#### AIM OF THE TASK
I'd like the entire listing output verbatim, apart from the pictures.

---+---

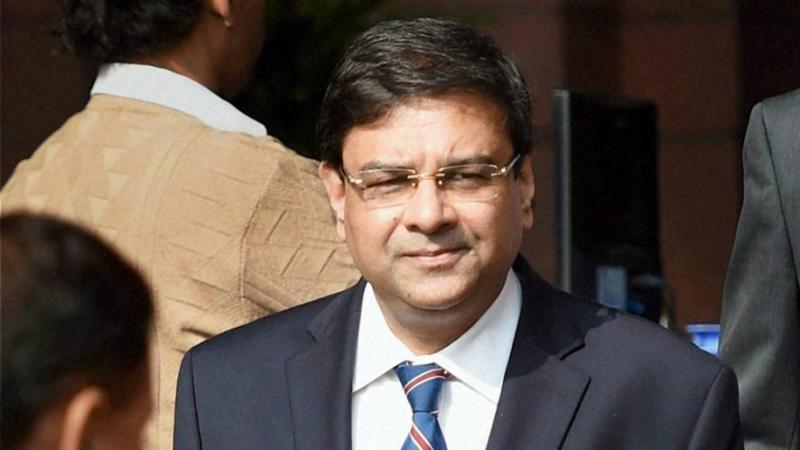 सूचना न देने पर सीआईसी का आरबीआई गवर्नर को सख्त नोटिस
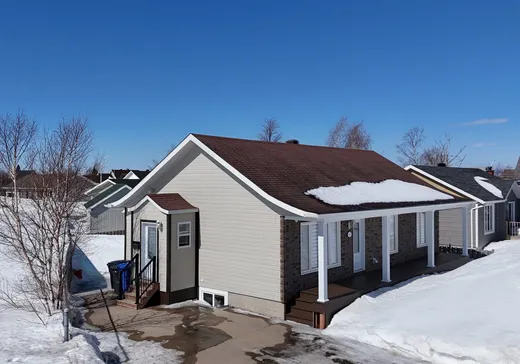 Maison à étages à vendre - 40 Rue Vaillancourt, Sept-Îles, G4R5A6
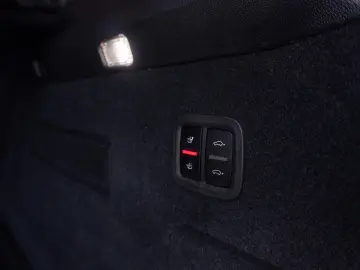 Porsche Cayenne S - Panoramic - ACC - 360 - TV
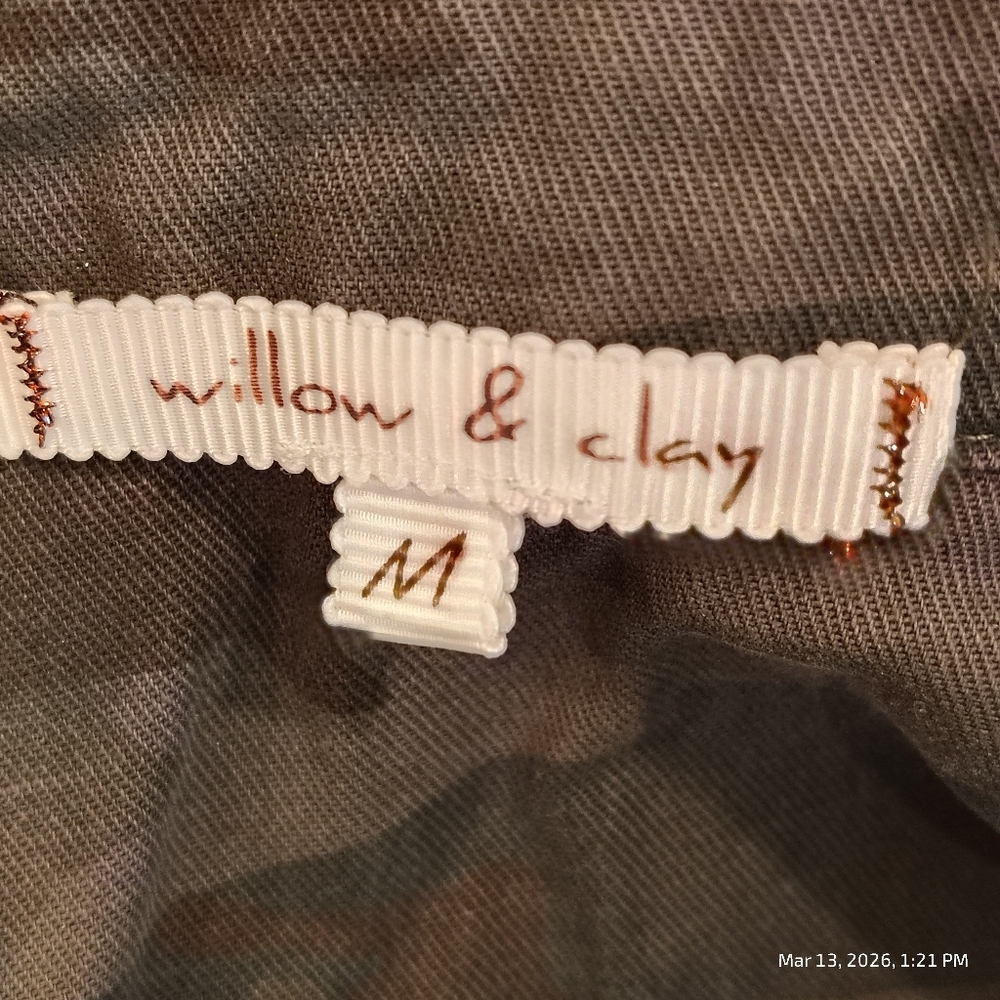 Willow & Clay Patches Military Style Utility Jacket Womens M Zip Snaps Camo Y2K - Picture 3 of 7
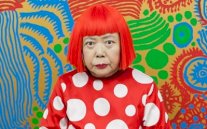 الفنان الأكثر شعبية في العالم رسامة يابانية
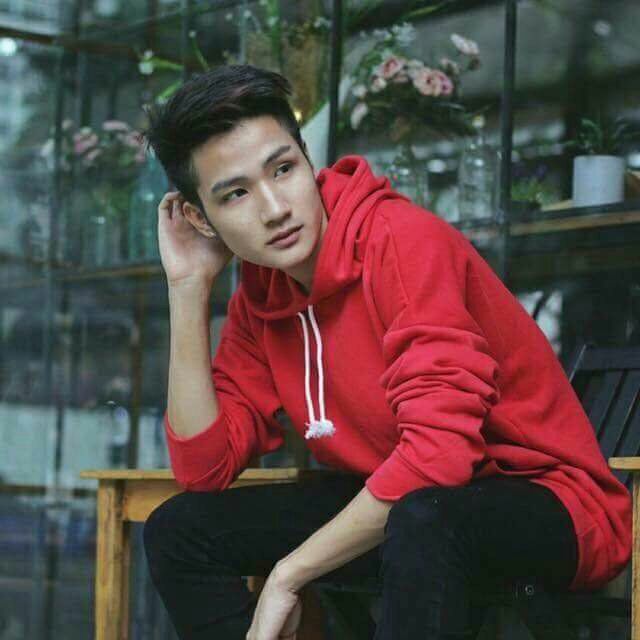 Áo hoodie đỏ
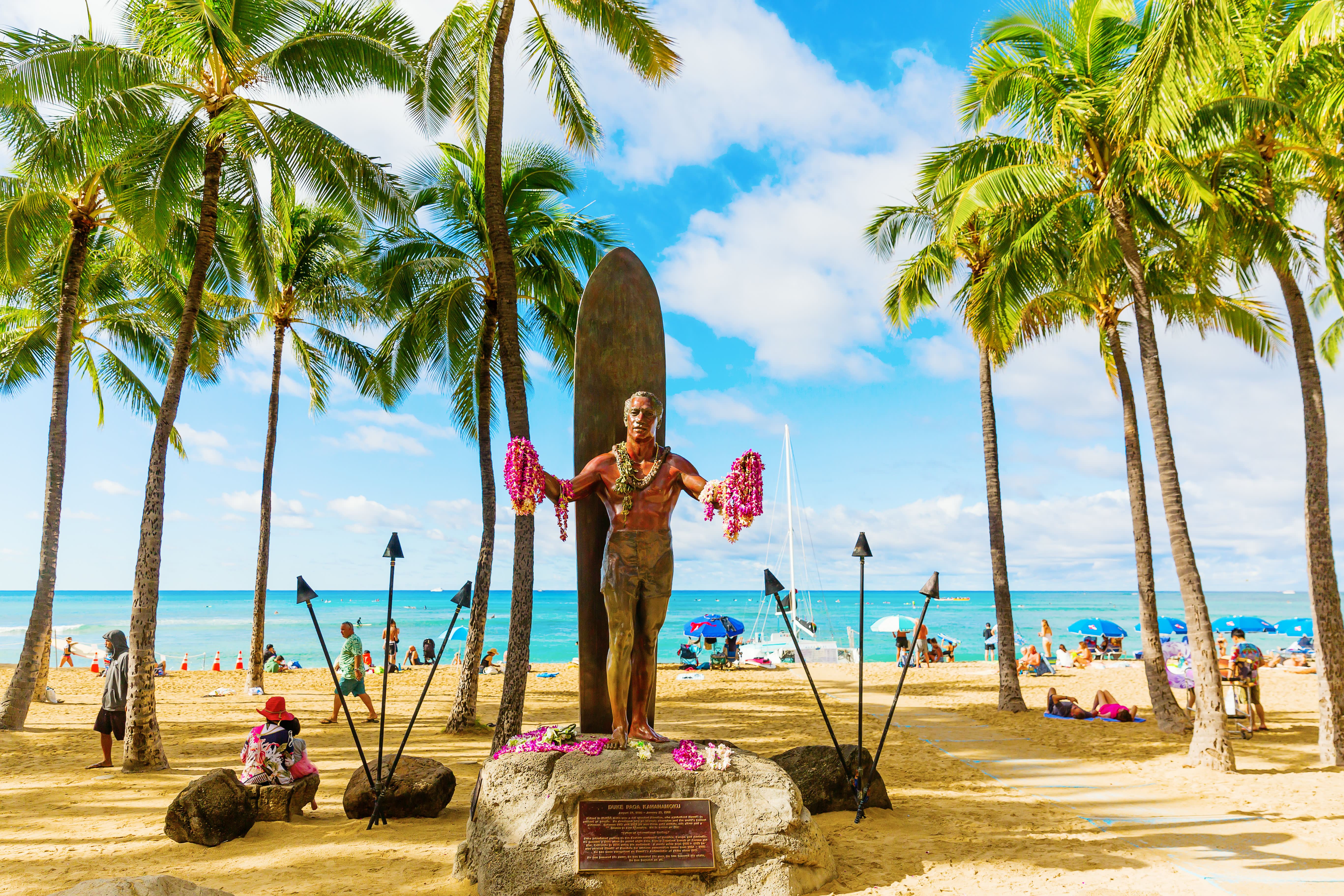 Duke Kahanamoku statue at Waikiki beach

---+---

#### RESPONSE TO THIS EXERCISE
 सूचना न देने पर सीआईसी का आरबीआई गवर्नर को सख्त नोटिस
 Maison à étages à vendre - 40 Rue Vaillancourt, Sept-Îles, G4R5A6
 Porsche Cayenne S - Panoramic - ACC - 360 - TV
 Willow & Clay Patches Military Style Utility Jacket Womens M Zip Snaps Camo Y2K - Picture 3 of 7
 الفنان الأكثر شعبية في العالم رسامة يابانية
 Áo hoodie đỏ
 Duke Kahanamoku statue at Waikiki beach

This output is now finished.